Language isn’t merely about concepts though – it is also always symbolic action. Vorster explains how he banned the words ‘if’ and ‘they’ from meetings, because ‘if’ propels events into the realm of the conditional and ‘they’ serves as anonymous placeholder for everything that neither ‘I’, ‘you’ nor ‘we’ want to act upon or be accountable for.

Custom-designed coasters used at Deloitte internal events say ‘No alibi zone’. Simple proverbs communicate Deloitte’s expectations of its employees. For instance, Swiegers asks those in leadership roles three simple questions: do your people feel they have something they believe in, someone they believe in, and someone who believes in them?

Deloitte’s operating system consists of a code, a language that is conceptual and symbolic. Like any other knowledge-intensive firm, Deloitte cannot own what drives value creation: it’s the employees’ ability to make sense and act. Yet the firm can offer a shared language and shared mental maps showing points of connectivity between employees, external partners, (potential) clients, and technology.

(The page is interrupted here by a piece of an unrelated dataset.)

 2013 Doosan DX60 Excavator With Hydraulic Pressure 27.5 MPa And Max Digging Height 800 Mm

The firm becomes a somewhat anarchic network of elements that share vocabulary and grammar, allowing them to develop meaningful and mutually intelligible interpretations of the world, that in turn function as springboards for action.


Once Deloitte’s architecture and operating system started to talk to each other, sparks began to fly. Nobody loves playing with fire more than Pete Williams, Deloitte’s enfant terrible when it comes to social media, digital delivery and unconventional leadership. Williams would fit neatly into a Silicon Valley start-up, yet surprisingly he feels at home inside Deloitte – or, rather, he has made Deloitte his home.

‘People have started to realise that the best way to learn is by experimenting, just like we learn as babies,’ Williams reflects. ‘Experimentation is a key part of learning and if you want to be innovative you’ve got to be prepared to try new things and see how they go. That’s been a cornerstone of becoming a successful professional services firm – the prevalence of words like “experiment” and “learning” as opposed to “certainty” or “outcome”.’

Part of Williams’ philosophy is rapid prototyping of ideas (rather than investing in them heavily before realising they don’t work out) and working on portfolios of new ideas simultaneously. Williams and his team have been working on how digital technologies will transform accounting practices. The impact will be profound and sizeable, says Williams.

‘We’re experimenting with online accounting where accountant and client can look at the same data simultaneously, as opposed to the current situation where a client has their data sitting on a system in their office and maybe once a year they send it over to their accountant.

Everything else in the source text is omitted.